Neuroimaging can confirm the location and etiology of COS and treatment should be directed towards the underlying etiology. Management of vascular risk factors, as ischemic heart disease, hyperlipidemia, hypertension, diabetes mellitus, and smoking, is the most important factor that will help preventing future infarctions. [3]

Prognosis

The outcome of COS is variable but often good especially in those with subcortical lesions. Lin et al. noted that only 14 of 85 (16.5%) patients had deterioration or progression of symptoms in the acute period.
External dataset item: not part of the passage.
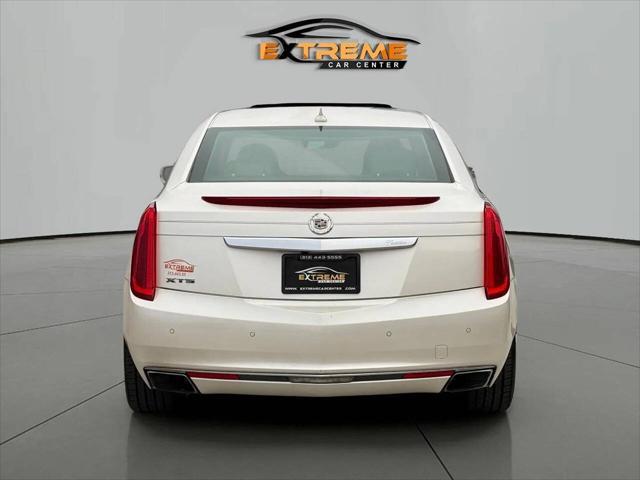 used 2013 Cadillac XTS car, priced at $12,995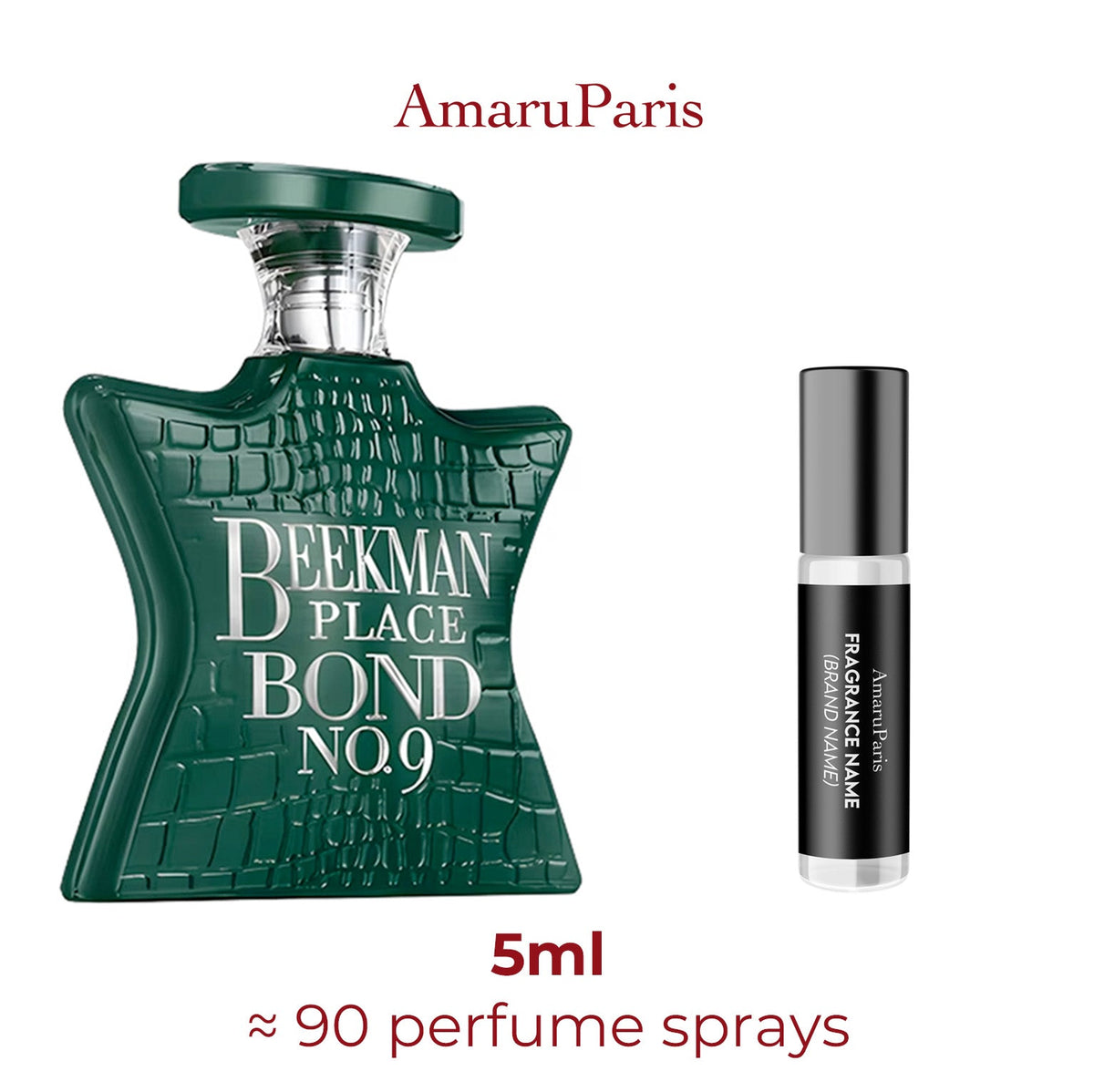 Parfum Beekman Place Bond No 9 unisexe - ParfumAmaruParis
However, lesions caused by subdural hematomas and brainstem infarcts portend a worse prognosis. [2]

Summary

The cheiro-oral (COS) syndrome is an uncommon neurologic condition characterized by sensory disturbances of the peri-oral area and the upper extremity (hand or fingers) and due to a contralateral thalamic lesion. Most cases of COS are caused by ischemic or hemorrhagic strokes but other lesions of the thalamus producing COS include tumors, subdural hematomas, aneurysms, and infections.

References

  1. Ong CS, Xiong J, Tan YJ. Cheiro-oral syndrome secondary to thalamic infarction: A clinical syndrome a physician should know. BMJ Case Rep. 2020;13(10):1-2.
  2. 2.0 2.1 Manning S, King BR, Peffer J, Lescure D. Cheiro-Oral syndrome. Am J Emerg Med. 2021;39:151-153.
  3. 3.0 3.1 Satpute S, Bergquist J, Cole JW. Cheiro-oral syndrome secondary to thalamic infarction: A case report and literature review. Neurologist. 2013;19(1):22-25.
  4. Thurtell MJ, Rucker JC. 15 - Neuro-Ophthalmology. Eighth Edi. Elsevier Inc.; 2022.
  5. González RG, Copen WA, Schaefer PW, et al. The Massachusetts General Hospital acute stroke imaging algorithm: An experience and evidence based approach. J Neurointerv Surg. 2013;5(SUPPL.1):i7-i12.